Trotz fehlender gesetzlicher Grundlage ermitteln Behörden in der ganzen Schweiz mit Imsi-Catchern, wie die NZZ im November aufzeigen konnte. Während die Kantonspolizei Zürich sich bereits zwei solcher Geräte angeschafft hat, verfügt die Stawa über keine entsprechende Ausrüstung, wie Sprecher Peter Gill sagt. «Die Stawa wendet sich im Bedarfsfall an andere Korps.»
Im aktuellen Fall der Dealerbande wurde in Basel erstmals der Einsatz eines Imsi-Catchers publik. Bis jetzt war lediglich bekannt, dass die Stawa «äusserst selten oder nie und nur in Fällen von Schwerstkriminalität» auf Imsi-Catcher zurückgreift, wie Gill im November gegenüber der BaZ sagte.
Entscheide fallen in der «Dunkelkammer»
Im «Bedarfsfall» ersucht die Stawa beim Zwangsmassnahmengericht (ZMG) um eine Bewilligung für den Einsatz. Doch Anwalt Steiger hält die ZMG für «Dunkelkammern». «Die dort gefällten Entscheide und Urteile werden nur in Ausnahmefällen veröffentlicht. Dadurch entziehen sich diese Gerichte der Diskussion und der Kontrolle durch die Öffentlichkeit.»
Steiger ist nicht der einzige Kritiker. Auch der Basler Datenschützer Beat Rudin hat seine Zweifel, was die Verhältnismässigkeit des Einsatzes von Imsi-Catchern angeht. Gegenüber der BaZ sprach er von erheblichen «Kollateralschäden», weil zwangsläufig auch «Unverdächtige und Unschuldige» erfasst würden.

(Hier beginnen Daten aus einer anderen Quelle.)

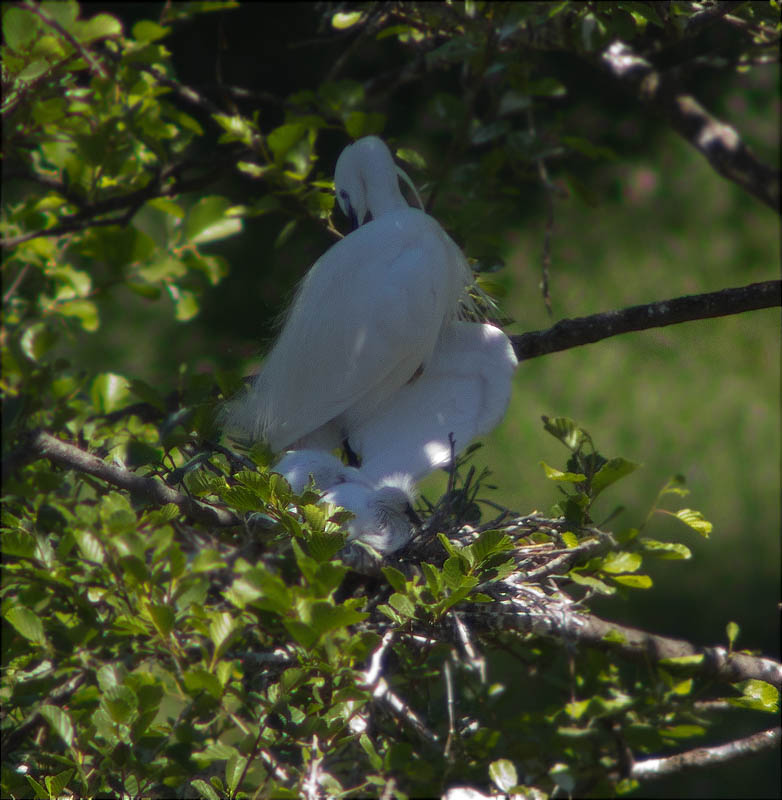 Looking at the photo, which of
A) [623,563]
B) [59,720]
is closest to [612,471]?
[623,563]

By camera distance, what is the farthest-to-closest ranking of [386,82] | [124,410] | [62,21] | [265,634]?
→ [386,82] → [124,410] → [62,21] → [265,634]

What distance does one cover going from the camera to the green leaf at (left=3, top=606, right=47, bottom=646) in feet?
4.64

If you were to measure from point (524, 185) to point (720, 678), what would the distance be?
3.38 m

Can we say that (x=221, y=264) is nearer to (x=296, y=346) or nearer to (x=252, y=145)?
(x=252, y=145)

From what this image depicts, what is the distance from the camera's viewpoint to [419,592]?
1383mm

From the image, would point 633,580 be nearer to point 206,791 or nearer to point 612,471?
point 612,471

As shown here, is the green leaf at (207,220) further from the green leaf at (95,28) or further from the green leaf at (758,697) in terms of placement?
the green leaf at (758,697)

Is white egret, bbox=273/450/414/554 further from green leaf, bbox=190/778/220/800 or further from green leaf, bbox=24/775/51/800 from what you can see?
green leaf, bbox=24/775/51/800

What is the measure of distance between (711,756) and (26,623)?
113cm

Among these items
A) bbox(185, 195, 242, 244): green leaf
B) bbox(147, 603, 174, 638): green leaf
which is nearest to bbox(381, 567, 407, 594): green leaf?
bbox(147, 603, 174, 638): green leaf

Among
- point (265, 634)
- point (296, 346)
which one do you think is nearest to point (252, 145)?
point (296, 346)

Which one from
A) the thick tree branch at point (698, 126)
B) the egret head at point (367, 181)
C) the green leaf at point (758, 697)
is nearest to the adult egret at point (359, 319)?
the egret head at point (367, 181)

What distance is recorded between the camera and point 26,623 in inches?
55.9

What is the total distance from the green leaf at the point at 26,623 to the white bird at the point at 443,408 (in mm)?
551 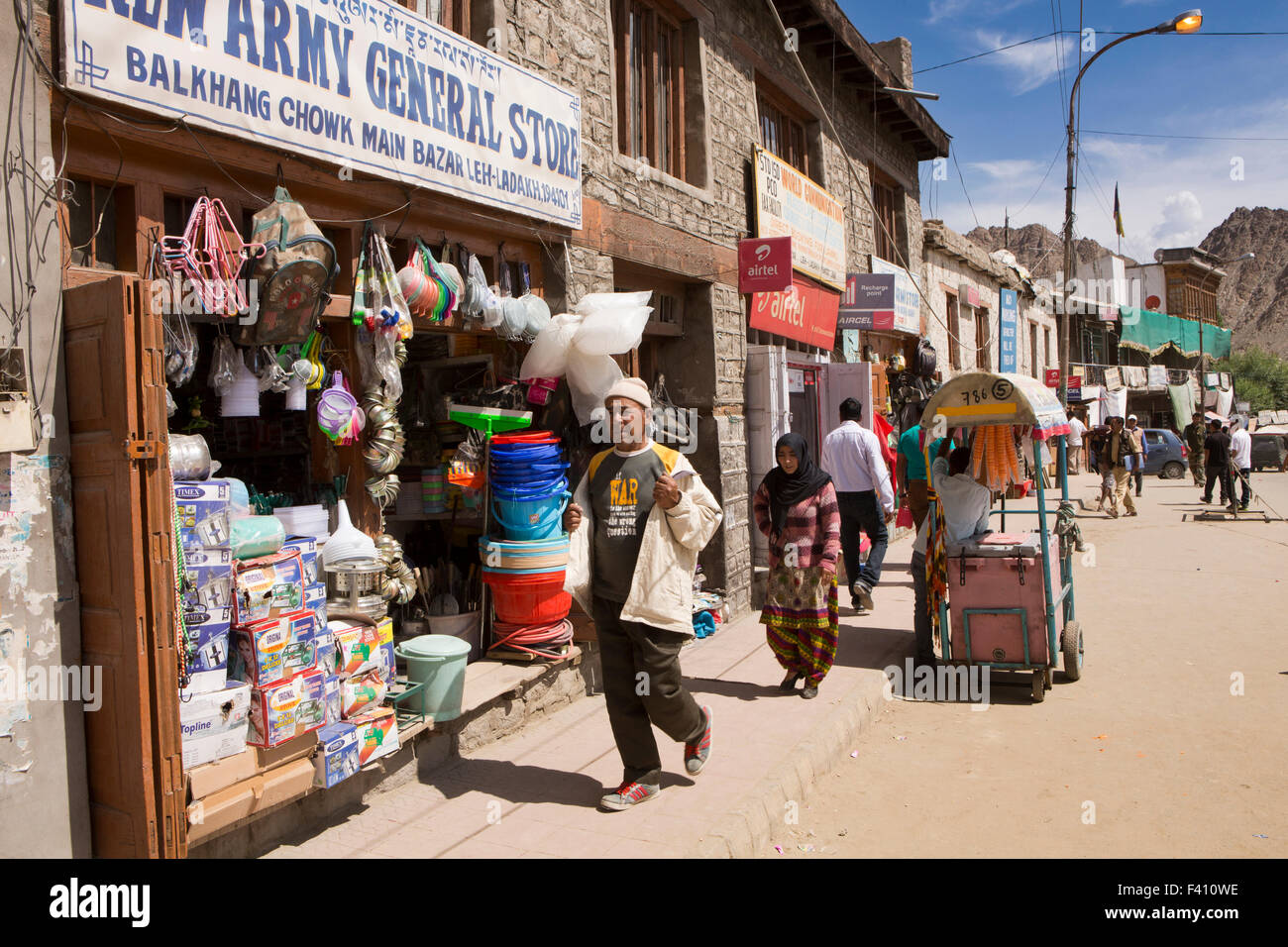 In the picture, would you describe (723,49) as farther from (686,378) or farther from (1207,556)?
(1207,556)

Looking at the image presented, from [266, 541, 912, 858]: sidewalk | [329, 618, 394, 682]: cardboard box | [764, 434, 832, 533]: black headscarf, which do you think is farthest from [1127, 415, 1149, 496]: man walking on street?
[329, 618, 394, 682]: cardboard box

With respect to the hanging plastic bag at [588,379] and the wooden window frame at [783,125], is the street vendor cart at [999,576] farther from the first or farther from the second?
the wooden window frame at [783,125]

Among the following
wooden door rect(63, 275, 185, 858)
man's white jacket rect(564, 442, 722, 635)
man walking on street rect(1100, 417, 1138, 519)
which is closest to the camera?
wooden door rect(63, 275, 185, 858)

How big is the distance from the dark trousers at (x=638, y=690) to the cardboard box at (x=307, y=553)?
1354 millimetres

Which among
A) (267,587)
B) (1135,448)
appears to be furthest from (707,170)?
(1135,448)

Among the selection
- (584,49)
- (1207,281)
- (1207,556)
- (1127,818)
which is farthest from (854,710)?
(1207,281)

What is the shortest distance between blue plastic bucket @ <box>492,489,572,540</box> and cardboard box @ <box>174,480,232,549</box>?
7.17 ft

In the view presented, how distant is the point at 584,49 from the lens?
6.66m

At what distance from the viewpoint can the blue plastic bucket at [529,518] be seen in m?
5.73

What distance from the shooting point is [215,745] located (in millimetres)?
3551

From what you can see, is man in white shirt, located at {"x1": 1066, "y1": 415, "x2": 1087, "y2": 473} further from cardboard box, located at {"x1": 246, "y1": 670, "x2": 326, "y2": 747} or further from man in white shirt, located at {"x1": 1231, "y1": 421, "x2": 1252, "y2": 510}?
cardboard box, located at {"x1": 246, "y1": 670, "x2": 326, "y2": 747}

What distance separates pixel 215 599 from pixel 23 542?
690mm

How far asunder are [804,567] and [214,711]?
3800mm

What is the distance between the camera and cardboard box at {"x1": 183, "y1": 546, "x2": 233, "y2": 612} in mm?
3572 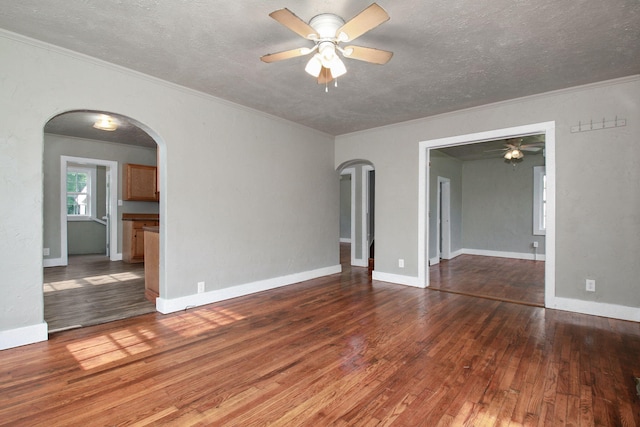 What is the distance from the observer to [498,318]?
3.47 meters

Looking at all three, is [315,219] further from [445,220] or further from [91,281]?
[445,220]

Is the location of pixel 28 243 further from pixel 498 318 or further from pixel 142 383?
pixel 498 318

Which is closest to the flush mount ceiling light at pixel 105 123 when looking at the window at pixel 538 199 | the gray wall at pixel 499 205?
the gray wall at pixel 499 205

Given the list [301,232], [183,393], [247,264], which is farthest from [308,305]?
[183,393]

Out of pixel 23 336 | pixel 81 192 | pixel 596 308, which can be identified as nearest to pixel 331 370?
pixel 23 336

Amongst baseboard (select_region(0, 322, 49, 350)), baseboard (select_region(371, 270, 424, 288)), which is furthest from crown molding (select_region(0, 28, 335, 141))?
baseboard (select_region(371, 270, 424, 288))

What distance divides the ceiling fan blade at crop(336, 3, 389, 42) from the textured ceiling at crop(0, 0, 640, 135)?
206mm

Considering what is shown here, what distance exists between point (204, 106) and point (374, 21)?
2.61m

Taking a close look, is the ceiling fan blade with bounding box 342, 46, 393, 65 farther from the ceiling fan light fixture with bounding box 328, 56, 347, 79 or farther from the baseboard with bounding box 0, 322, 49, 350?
the baseboard with bounding box 0, 322, 49, 350

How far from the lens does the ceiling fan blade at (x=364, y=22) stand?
1.85 m

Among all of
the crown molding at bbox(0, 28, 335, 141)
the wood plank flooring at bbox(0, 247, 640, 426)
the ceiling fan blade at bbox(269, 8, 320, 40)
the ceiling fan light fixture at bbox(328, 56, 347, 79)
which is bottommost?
the wood plank flooring at bbox(0, 247, 640, 426)

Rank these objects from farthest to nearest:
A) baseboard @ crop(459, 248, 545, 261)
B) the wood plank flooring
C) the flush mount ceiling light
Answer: baseboard @ crop(459, 248, 545, 261)
the flush mount ceiling light
the wood plank flooring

Doch Rudin ist als Datenschützer bei laufenden Strafverfahren nicht involviert, da das Informations- und Datenschutzgesetz in diesen Fällen nicht zur Anwendung gelange. Den Einsatz von Imsi-Catchern wolle er dennoch «bei der nächsten Gelegenheit zur Sprache bringen», sagt Rudin. Er tausche sich regelmässig in informellen Gesprächen mit der Stawa aus.
Es ist fast unmöglich, offizielle Auskünfte über die hiesige Praxis der Strafverfolger mit Imsi-Catchern zu bekommen. Eine ausführliche Anfrage an die Stawa wird von Gill nur knapp beantwortet. «Der Imsi-Catcher ist eine technische, geheime Überwachungsmassnahme, welche bei Verbrechen gemäss Artikel 280 der Strafprozessordnung eingesetzt werden kann.»
Darüber hinaus ist nichts zu erfahren, was nicht ohnehin schon bekannt gewesen wäre. Auf die Frage, weshalb die Informationen so knapp ausfallen, sagt Gill lediglich: «Dazu gibt es von unserer Seite nicht mehr zu sagen.»